Cube.Exchange set out to split the difference. The platform offers spot trading of four, differentiating itself with a user-centric approach to asset control. It takes the transparency of the blockchain, and pairs it with the convenience and performance of familiar centralized off-chain exchanges.
The exchange transitioned Tuesday from a private beta phase to a public beta. Its development was informed by the failings of centralized players, including the bankruptcies that wracked the industry in 2022.
Unlike conventional exchanges, Cube allows users to maintain ownership of their assets, using MPC wallets, with withdrawals and trades requiring explicit user authorization.
The team behind the exchange refers to it as a hybrid model, combining an off-chain matching engine for trading and on-chain settlement to layer-1 blockchains.
“On the custody and settlement side, we focused on using multiparty computation for custody of the assets and then focusing on directly connecting to each individual blockchains,” Bartosz Lipiński, CEO of Cube.Exchange told Blockworks.
“We wanted to find a middle ground where the exchange doesn’t own your assets — we never put them on our balance sheet as liabilities to our clients and classify them as our assets — because they are in the MPC wallet.”
When users deposit assets, such as bitcoin (BTC), the funds remain isolated and viewable at all times on a native Bitcoin block explorer. When they execute a trade, the transaction happens peer-to-peer. Cube batches trades and settles them periodically back to the Bitcoin network.
It’s like proof-of-reserves, but better.
“Think of it as this like meta layer-2 that takes the state that happened on the exchange and settles MPC wallets to Bitcoin and Ethereum for example,” Lipinski said.
He emphasized the importance of separating asset custody from trading, citing it as a potential conflict of interest in the crypto asset trading space.
Lipinski sees a trend towards greater use of MPC solutions, citing Binance’s self-custody wallet, offerings from Coinbase and Fireblocks as examples.
The difference from, say, Fireblocks, is that Cube vertically integrates custody with the exchange and doesn’t charge clients for the MPC solution, making it suitable for retail users not just institutional players.
Solana in the mix
Curated Solana validators are the real-time record keepers of all trading, similar to how Pyth’s oracle network publishes price data.
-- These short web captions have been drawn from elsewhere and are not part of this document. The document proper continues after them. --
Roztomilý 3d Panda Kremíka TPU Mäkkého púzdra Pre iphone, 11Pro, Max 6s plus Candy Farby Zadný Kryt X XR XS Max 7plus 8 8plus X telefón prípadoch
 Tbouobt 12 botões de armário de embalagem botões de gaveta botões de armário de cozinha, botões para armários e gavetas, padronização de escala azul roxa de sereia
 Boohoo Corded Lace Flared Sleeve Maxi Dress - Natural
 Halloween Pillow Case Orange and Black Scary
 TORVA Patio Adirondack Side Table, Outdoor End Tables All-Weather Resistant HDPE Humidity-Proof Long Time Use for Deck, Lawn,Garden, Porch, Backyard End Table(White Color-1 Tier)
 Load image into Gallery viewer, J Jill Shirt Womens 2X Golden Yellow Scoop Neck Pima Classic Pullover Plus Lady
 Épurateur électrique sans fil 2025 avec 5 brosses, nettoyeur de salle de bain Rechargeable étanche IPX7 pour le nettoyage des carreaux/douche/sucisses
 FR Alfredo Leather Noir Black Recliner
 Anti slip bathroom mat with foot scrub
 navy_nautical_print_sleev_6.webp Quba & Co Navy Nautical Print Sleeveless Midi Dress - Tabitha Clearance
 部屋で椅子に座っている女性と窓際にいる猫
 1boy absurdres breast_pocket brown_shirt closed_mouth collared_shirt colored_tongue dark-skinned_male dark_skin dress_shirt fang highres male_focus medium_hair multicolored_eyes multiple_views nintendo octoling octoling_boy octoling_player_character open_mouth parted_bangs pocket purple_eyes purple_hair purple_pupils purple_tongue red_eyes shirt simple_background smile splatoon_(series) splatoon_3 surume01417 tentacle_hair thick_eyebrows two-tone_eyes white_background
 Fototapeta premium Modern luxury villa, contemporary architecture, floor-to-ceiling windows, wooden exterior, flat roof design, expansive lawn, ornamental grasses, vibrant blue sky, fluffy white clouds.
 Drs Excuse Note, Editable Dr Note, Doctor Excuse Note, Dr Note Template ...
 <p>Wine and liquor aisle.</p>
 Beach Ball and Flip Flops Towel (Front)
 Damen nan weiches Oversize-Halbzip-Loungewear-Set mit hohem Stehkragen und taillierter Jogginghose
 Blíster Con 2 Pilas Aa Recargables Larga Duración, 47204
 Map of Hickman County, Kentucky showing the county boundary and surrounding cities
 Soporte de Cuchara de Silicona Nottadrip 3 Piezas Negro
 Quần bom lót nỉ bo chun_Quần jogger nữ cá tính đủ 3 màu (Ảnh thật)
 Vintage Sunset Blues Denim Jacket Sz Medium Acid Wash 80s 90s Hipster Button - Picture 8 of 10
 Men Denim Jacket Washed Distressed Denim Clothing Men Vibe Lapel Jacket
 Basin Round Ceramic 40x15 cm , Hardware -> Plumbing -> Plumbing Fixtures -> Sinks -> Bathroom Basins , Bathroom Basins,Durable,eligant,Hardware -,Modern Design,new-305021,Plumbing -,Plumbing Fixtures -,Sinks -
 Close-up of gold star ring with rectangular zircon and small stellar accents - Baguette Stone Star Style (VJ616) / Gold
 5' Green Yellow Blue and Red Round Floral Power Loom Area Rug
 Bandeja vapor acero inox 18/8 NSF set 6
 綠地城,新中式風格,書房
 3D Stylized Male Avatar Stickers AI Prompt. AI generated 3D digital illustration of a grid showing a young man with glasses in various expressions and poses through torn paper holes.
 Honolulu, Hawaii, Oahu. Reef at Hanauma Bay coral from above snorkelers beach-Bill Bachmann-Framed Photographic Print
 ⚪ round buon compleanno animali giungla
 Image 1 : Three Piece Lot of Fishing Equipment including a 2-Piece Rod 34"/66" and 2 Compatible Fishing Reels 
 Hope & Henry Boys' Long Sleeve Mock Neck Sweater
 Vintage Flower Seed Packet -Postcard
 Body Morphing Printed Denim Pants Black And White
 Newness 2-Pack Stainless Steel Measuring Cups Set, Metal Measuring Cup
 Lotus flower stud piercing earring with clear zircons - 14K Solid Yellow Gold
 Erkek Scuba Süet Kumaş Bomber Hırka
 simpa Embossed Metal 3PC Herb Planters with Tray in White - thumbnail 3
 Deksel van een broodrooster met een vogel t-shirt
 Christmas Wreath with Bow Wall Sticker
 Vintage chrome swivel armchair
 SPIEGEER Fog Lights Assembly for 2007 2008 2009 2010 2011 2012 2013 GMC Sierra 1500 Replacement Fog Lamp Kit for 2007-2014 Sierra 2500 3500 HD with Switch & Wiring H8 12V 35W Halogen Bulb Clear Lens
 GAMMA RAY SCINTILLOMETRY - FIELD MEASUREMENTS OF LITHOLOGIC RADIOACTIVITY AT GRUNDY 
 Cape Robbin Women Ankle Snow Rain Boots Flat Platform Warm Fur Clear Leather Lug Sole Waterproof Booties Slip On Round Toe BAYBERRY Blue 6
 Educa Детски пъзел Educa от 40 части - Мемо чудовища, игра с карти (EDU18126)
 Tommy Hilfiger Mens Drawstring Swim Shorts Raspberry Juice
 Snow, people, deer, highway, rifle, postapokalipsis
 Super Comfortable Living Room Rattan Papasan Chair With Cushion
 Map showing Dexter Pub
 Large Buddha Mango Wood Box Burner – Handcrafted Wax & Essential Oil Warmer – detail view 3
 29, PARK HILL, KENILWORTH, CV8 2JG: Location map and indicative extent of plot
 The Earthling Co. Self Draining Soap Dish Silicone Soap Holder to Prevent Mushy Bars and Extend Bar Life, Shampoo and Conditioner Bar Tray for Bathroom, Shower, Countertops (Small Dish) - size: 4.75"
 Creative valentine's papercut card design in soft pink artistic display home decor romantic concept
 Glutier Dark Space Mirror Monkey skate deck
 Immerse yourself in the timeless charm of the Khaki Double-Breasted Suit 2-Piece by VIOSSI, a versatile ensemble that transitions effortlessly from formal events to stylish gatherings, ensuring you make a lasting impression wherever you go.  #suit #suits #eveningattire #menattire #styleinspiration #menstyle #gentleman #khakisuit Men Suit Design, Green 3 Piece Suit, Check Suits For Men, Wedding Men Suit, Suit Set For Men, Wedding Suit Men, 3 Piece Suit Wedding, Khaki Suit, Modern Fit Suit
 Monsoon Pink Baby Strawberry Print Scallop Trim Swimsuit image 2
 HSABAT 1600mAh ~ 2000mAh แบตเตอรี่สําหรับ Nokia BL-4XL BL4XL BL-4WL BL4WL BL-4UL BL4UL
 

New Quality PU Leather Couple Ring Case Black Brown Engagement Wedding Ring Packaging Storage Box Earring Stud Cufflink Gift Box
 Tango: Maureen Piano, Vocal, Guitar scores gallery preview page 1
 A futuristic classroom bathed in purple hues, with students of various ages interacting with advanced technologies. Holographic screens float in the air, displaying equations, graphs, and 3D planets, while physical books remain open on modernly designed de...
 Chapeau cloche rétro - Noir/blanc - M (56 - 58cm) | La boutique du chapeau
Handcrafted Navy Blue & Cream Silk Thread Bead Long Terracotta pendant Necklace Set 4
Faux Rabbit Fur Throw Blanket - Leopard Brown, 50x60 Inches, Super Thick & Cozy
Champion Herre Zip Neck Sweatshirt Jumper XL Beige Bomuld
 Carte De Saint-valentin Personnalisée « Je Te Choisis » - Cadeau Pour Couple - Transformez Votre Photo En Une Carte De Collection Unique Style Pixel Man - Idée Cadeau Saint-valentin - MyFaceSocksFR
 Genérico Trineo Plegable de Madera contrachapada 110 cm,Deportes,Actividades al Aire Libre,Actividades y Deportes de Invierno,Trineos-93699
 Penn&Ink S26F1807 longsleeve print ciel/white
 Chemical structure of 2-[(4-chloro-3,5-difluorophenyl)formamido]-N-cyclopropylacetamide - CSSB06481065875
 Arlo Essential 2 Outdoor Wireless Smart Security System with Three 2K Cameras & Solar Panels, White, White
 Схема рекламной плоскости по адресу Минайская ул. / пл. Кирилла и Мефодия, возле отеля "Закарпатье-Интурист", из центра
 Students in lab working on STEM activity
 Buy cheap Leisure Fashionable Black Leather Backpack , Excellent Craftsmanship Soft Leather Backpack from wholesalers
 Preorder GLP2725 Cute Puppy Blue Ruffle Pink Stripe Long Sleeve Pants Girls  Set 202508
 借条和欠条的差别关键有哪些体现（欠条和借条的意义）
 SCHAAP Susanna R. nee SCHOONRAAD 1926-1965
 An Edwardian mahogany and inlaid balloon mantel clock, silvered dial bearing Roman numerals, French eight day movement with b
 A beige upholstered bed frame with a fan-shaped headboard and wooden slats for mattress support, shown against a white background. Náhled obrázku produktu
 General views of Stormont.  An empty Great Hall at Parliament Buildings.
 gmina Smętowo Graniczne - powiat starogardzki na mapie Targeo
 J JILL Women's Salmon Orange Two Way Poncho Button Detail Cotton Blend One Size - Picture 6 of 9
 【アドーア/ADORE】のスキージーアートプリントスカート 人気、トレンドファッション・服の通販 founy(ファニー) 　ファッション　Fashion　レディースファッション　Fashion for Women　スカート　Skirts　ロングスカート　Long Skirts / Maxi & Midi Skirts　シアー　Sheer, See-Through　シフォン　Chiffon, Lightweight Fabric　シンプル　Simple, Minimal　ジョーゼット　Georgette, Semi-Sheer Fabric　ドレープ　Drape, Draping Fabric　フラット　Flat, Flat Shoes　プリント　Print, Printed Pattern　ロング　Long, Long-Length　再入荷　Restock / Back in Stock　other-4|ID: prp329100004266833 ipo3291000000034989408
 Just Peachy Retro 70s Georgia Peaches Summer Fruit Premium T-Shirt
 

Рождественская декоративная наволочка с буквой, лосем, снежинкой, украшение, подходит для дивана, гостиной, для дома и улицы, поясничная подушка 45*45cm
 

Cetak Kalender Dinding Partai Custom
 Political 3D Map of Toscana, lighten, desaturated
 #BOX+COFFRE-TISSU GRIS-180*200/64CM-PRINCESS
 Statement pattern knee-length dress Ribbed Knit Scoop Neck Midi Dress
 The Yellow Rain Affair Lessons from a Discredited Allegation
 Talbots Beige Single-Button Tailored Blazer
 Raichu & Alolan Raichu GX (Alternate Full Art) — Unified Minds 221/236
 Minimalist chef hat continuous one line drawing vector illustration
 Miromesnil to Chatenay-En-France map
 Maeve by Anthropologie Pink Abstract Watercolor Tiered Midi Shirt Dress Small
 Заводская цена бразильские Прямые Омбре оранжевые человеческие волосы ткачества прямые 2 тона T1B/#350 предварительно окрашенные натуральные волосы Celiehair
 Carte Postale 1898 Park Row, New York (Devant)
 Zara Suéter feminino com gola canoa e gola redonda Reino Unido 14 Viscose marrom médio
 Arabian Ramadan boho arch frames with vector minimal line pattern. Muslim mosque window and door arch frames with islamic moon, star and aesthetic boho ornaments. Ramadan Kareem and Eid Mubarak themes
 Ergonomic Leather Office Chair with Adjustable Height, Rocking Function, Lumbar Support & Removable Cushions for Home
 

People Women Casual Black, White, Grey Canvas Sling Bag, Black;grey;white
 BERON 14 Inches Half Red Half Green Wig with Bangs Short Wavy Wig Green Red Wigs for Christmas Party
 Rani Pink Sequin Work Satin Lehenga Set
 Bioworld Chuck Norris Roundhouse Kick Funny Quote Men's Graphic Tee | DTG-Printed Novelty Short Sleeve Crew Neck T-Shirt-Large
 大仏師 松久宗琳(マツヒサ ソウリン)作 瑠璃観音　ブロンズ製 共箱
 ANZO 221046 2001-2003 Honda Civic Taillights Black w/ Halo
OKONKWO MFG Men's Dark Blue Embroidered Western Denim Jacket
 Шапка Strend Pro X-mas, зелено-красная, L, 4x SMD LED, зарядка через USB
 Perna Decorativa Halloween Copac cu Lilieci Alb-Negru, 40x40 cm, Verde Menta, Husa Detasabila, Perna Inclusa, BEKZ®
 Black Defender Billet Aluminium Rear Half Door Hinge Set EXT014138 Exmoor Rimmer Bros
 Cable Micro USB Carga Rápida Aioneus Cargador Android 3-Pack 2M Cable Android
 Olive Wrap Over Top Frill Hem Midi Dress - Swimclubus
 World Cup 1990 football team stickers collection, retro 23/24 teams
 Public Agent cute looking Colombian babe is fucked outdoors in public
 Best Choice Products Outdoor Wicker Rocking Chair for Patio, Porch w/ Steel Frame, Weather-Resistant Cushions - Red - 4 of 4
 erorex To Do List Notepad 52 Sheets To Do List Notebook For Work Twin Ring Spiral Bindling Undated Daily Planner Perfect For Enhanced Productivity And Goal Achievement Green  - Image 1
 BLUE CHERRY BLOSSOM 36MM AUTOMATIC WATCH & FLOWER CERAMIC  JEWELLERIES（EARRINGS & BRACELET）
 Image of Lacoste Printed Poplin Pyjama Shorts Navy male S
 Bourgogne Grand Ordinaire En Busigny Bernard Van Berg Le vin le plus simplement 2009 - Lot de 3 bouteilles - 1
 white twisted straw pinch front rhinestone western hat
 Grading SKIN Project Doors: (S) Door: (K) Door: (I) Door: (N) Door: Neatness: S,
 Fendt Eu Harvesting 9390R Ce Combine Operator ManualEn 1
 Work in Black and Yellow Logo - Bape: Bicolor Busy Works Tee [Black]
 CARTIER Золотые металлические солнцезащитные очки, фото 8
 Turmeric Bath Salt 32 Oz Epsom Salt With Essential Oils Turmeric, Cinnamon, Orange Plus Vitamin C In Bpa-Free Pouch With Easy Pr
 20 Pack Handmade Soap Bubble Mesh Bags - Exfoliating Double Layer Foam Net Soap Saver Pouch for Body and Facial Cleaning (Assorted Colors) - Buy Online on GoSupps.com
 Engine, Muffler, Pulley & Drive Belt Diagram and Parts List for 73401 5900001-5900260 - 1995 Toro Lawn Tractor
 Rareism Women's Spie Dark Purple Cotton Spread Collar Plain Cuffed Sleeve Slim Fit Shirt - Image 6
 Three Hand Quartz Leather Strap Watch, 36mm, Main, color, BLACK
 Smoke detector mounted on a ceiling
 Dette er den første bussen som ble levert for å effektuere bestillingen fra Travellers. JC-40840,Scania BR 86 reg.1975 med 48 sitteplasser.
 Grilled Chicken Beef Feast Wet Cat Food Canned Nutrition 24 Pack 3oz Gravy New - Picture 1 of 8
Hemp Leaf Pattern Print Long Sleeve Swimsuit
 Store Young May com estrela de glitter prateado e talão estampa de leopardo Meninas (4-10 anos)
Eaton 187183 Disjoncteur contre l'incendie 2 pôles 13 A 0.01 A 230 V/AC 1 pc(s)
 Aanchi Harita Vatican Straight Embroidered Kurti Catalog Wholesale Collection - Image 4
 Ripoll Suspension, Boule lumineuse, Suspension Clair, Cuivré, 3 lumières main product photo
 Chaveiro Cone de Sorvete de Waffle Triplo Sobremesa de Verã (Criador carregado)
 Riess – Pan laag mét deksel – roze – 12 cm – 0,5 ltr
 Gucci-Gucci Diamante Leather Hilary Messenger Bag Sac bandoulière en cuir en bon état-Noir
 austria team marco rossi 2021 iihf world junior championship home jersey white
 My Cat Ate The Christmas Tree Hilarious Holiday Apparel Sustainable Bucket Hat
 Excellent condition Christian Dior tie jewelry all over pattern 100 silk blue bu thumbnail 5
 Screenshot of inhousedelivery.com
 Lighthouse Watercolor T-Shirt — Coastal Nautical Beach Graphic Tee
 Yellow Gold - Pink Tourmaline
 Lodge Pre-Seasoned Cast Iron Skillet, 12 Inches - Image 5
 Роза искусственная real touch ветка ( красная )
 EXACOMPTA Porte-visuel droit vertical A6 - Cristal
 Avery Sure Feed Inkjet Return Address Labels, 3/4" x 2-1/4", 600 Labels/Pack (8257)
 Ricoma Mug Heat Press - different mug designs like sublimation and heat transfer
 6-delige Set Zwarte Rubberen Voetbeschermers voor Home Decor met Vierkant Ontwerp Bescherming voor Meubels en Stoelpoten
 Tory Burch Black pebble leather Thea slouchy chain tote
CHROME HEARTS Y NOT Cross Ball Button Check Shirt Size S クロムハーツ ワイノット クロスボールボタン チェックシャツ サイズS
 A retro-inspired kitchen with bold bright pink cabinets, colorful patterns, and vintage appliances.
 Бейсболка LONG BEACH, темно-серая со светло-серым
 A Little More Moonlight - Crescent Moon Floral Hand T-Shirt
They also serve as “MPC guardians” to help users custody assets.
Cube itself does not hold a wallet key share, but facilitates vault recovery services for users who lose access to their own private key.
Lipinski became interested in the Solana ecosystem at an early stage, after leaving his job at Citadel, where he was head of equities application development.
“I got into it because of COVID,” he told Blockworks. “My wife told me to stop baking bread at home, so I started playing with Solana.”
Cube’s initial launch follows a $9 million fundraising round in October, and includes spot trading of native BTC, ETH, SOL and BONK — a Solana meme coin — each paired with USDC.
The exchange is actively applying for licenses around the world, but is already registered as a virtual asset service provider (VASP) in Australia and Poland. The latter should provide EU-wide access to the exchange.
A public beta phase is expected to last around one to two months, Lipinski said.
“I want to build the best exchange out there, both from the market makers perspective and the user’s perspective,” he said.